● **Exercise**
Go to the line holding "Cultural Immersion in" in the data below. Return it and each line after it through the last, exactly, and skip the pictures.

● **Data excerpt**
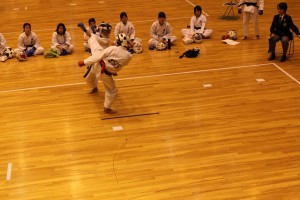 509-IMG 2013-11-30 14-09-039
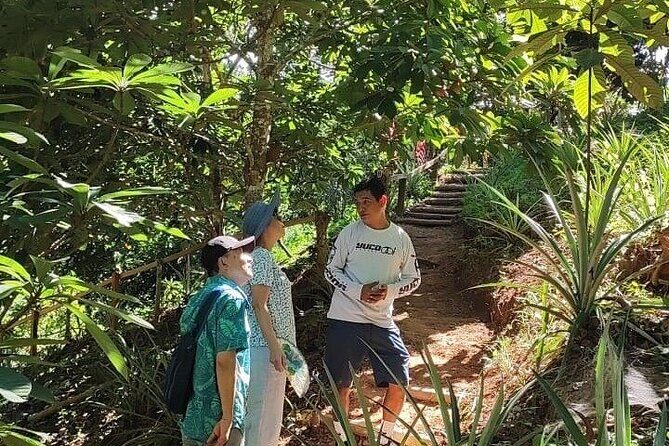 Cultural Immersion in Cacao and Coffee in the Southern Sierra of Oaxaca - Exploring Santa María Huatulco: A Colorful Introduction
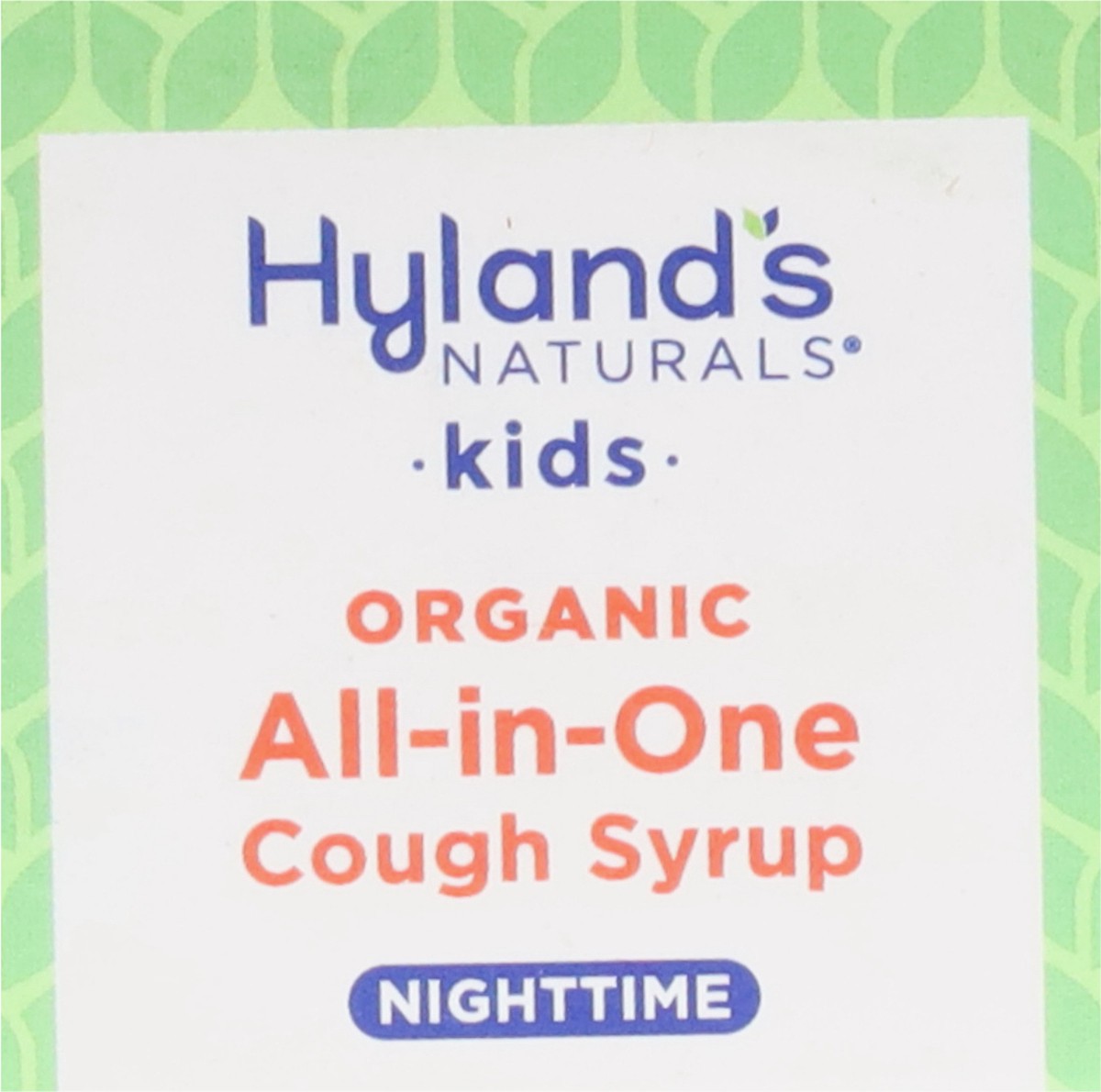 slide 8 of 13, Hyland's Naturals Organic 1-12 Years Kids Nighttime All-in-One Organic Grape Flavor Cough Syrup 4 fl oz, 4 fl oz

● **Problem solution**
 Cultural Immersion in Cacao and Coffee in the Southern Sierra of Oaxaca - Exploring Santa María Huatulco: A Colorful Introduction
 slide 8 of 13, Hyland's Naturals Organic 1-12 Years Kids Nighttime All-in-One Organic Grape Flavor Cough Syrup 4 fl oz, 4 fl oz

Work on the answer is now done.